** Exercise **
Read the lines below and count those that have the word "yellow". Respond with the number only.

Short descriptive text snippets
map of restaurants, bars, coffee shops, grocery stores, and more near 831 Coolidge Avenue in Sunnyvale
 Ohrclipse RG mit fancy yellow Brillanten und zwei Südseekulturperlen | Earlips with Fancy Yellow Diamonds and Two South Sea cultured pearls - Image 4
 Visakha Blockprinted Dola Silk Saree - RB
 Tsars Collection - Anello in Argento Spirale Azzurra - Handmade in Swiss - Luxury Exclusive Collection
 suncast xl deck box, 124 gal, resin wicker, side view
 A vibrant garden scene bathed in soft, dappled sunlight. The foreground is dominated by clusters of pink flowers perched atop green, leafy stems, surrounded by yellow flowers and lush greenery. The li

** Response to the task **
2